Since 1922, the National Fire Prevention Association has sponsored Fire Prevention Week. In 1925, President Calvin Coolidge proclaimed Fire Prevention Week a national observance, making it the longest-running public health observance in our country. During Fire Prevention Week, children, adults and teachers learn how to stay safe in case of a fire. Firefighters provide lifesaving public education in an effort to decrease casualties caused by fires.
Fire Prevention Week is observed each year during the week of October 9 in commemoration of the Great Chicago Fire, which began on Oct.8, 1871, and caused devastating damage. This horrific conflagration killed more than 250 people, left 100,000 homeless, destroyed more than 17,400 structures and burned more than 2,000 acres of land. Ironically, Oct. 8 was also the first night of the Sonoma County firestorms two years ago.

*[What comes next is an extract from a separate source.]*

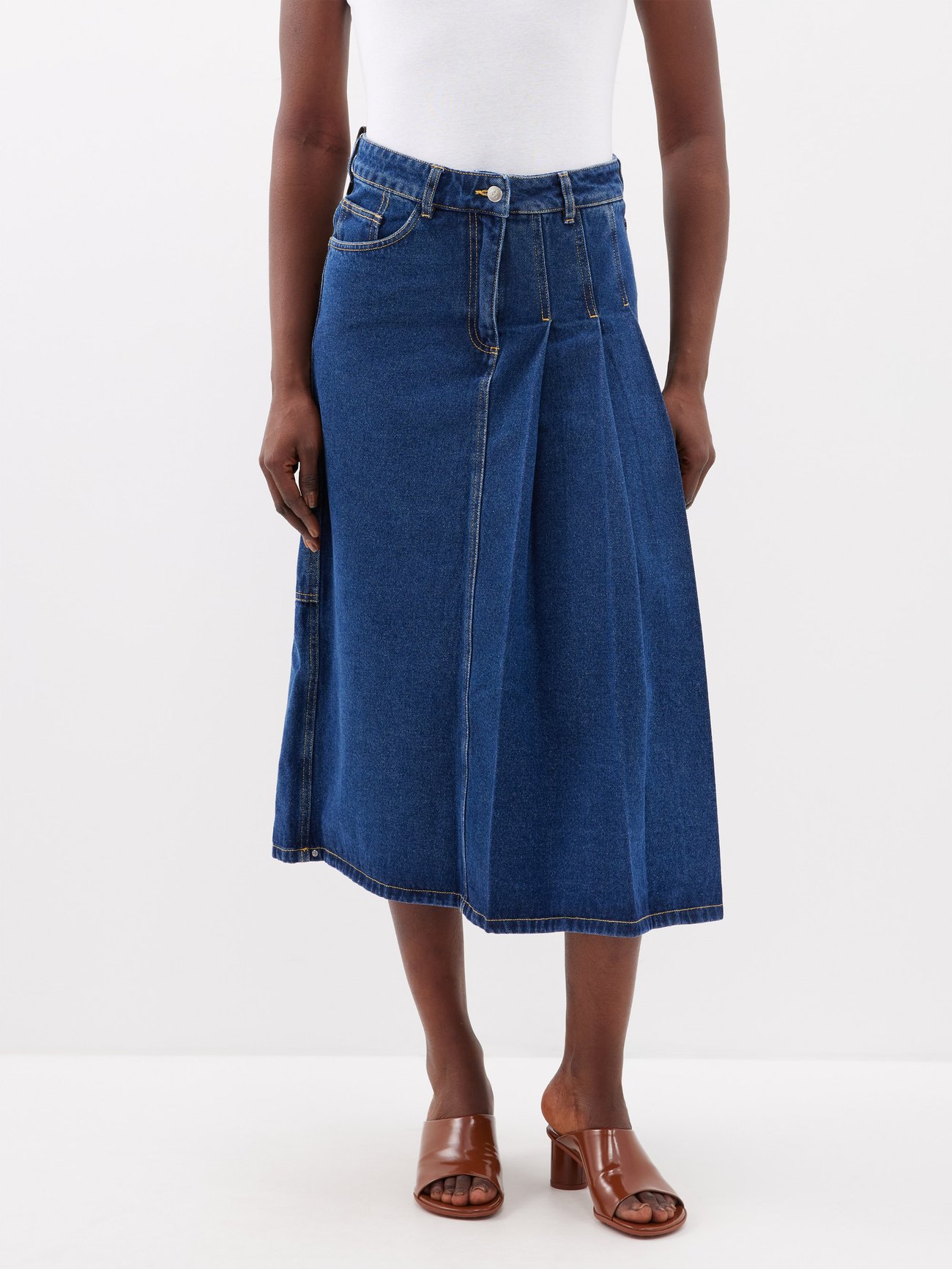 35 Best Long Denim Skirts to Buy in 2023 for Every Budget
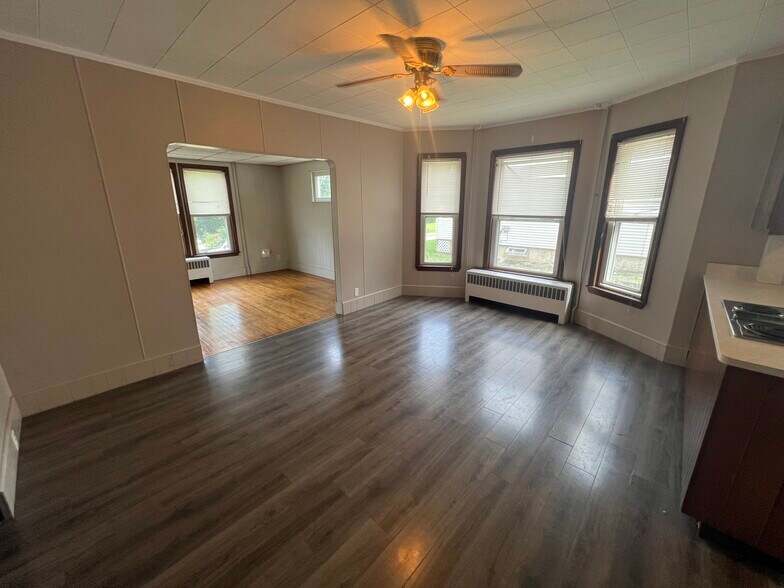 Building Photo - 325 Penobscot St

Oct. 6-12 is Fire Prevention Week (FPW) in 2019. This year’s campaign is “Not every hero wears a cape. Plan and practice your escape!” The campaign works to educate everyone about the small but important actions they can take to keep themselves and those around them safe.
How do you define a hero? Is it…a person who is courageous and performs good deeds? Someone who comes to the aid of others, even at personal risk?
A hero can be all of those things. A hero can also be…someone who takes small, but important actions to keep themselves and those around them safe from fire. When it comes to fire safety, maybe you’re already a hero in your household or community. If not, maybe you’re feeling inspired to become one. It’s easy to take that first step - make your home escape plan.
As we learned two years ago, wildfires can erupt with little warning and travel quickly. We were fortunate, as we had good defensible space to protect the city. Again this season, we have cut weeds in in undeveloped properties near our neighborhoods to continue this program.
As a result of the wildfires two years ago, Rohnert Park has developed a disaster preparedness program referred to as “Rohnert Park Ready and Resilient.” It’s a simple two hour presentation provided by the Public Safety Department. It comes with a reference manual and-best of all, it’s free. Contact the City’s Fire Prevention Division at 584-2641 for details.
Being prepared means staying informed. The city’s website includes a checklist called “know your alerts.” Visit rpcity.org/emergency to view or download the checklist. In an effort to reduce the risks of wildfires, PG&E will be shutting off power when they expect high winds on hot days. These Public Safety Power Shut-offs (PSPS) could leave you without power for several days. In the event of a shut-off, PG&E plans to provide advance notice if they have your contact information. Signing up for Nixle is one way to ensure that you will be informed. You can sign up for these alerts on your cellphone by texting your zip code to 888-777 or visit nixle.com on the web. We also encourage you to update your contact information with PG&E and sign up to receive alerts at www.prepareforpowerdown.com.
The City of Rohnert Park hopes you and your family stay safe.